Individual therapy is the most common format for psychotherapy, but not all individual therapy is the same. Your therapist may use techniques from the psychodynamic or insight-oriented, cognitive, and behavioral schools of thought mentioned below, but also from many other approaches to therapy.
Psychoanalysis was developed first by Freud, and later by Jung, Sullivan and others. Psychoanalysis tends to focus less on specific problems of the moment and more on the whole person, the inner world, and underlying issues.

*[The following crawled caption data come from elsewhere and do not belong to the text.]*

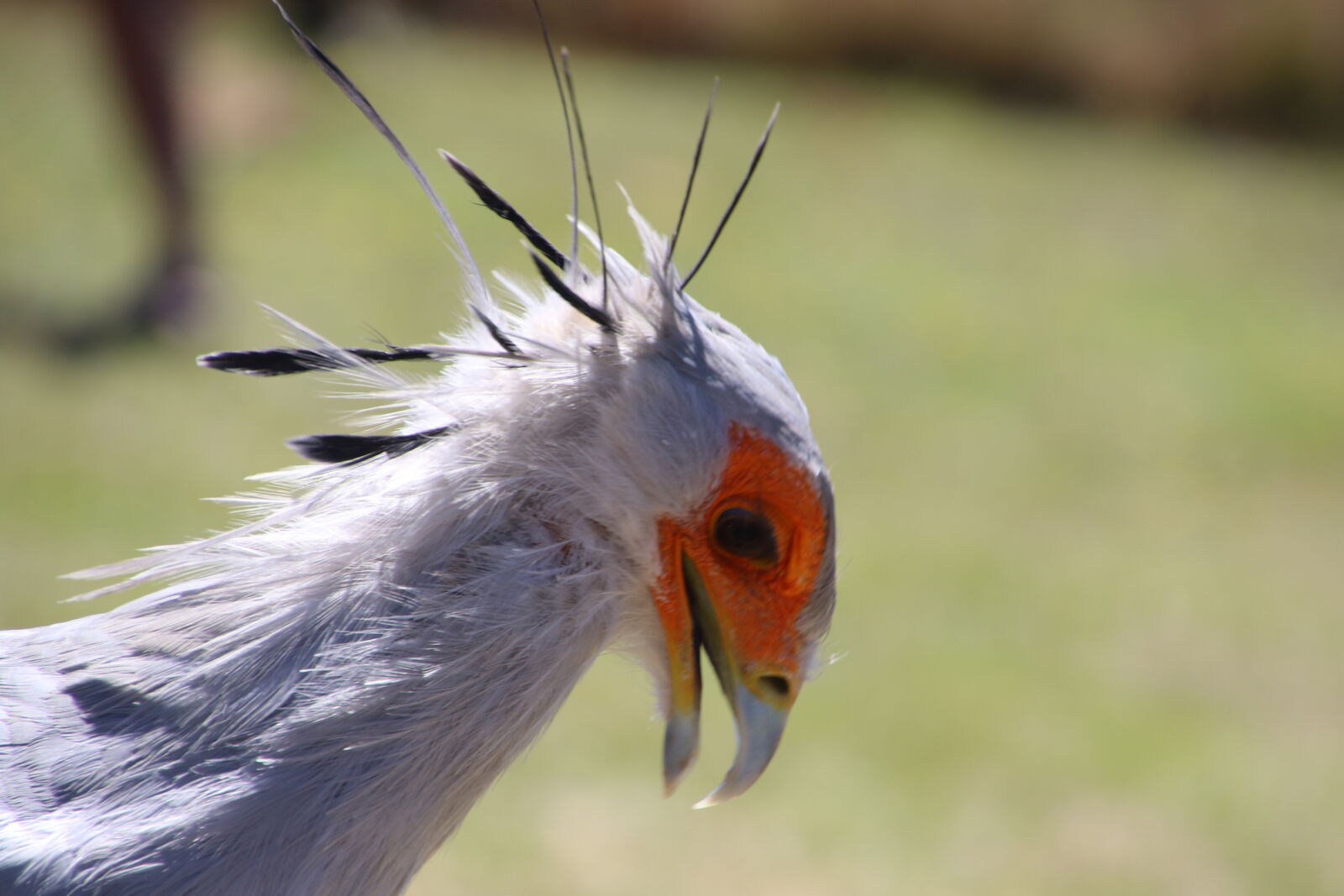 Canon EOS 7D Mark II sample photo. Bird, bird, of, prey photography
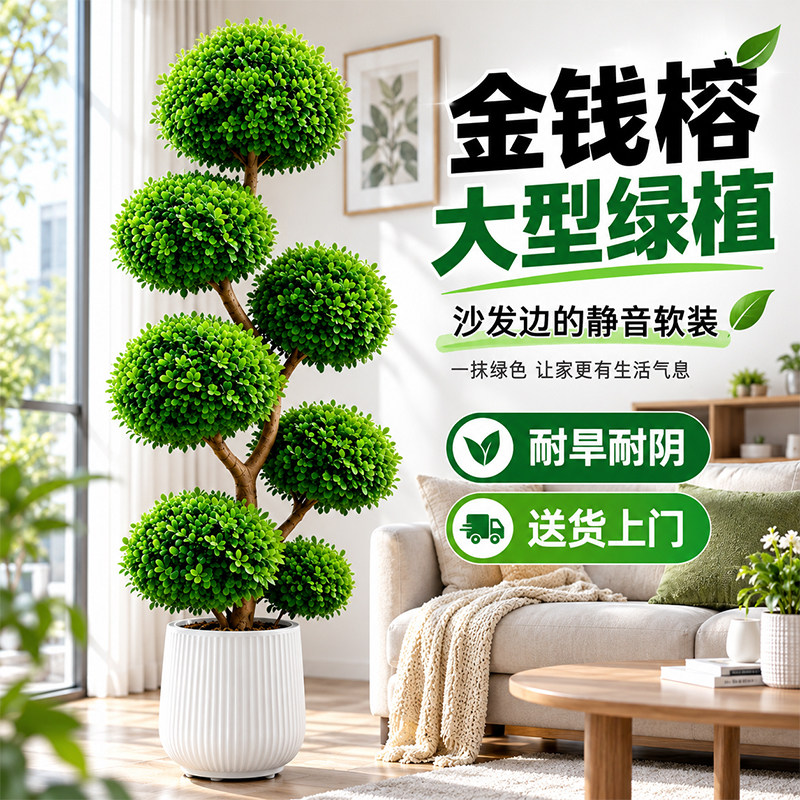 金钱榕摇钱树盆栽办公室大型发财树乔迁开业礼物室内客厅绿植招财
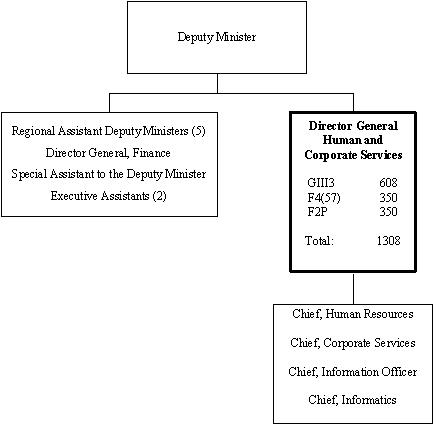 Org chart of the DIRECTOR GENERAL HUMAN AND CORPORATE SERVICES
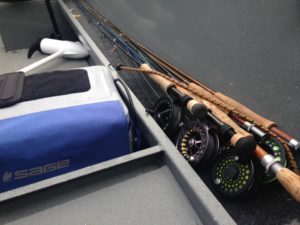 Searun Cutthroat Fly Fishing in Puget Sound Seattle Washington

Insight-oriented psychotherapy also focuses on the whole person and uses many of the principles and traditions of psychoanalysis. Therapy sessions are typically once or twice a week, and specific problems may be dealt with more directly than in psychoanalysis. The goal, however, is healing through self-awareness. Insight-oriented psychotherapy helps you to see how earlier events affect current problems and to understand the underlying patterns influencing your current life situation.
Cognitive therapy focuses on helping the person to change the assumptions, mind-sets and patterns of attention which lead to problems. The goal is to resolve difficulties by correcting distortions of thoughts and feelings. Its focus is primarily on current difficulties rather than past events.
Behavioral therapy uses a variety of re-education and re-training techniques to modify behavior patterns that are causing distress or problems in daily living. The focus of behavioral therapy is almost solely present concerns and problems.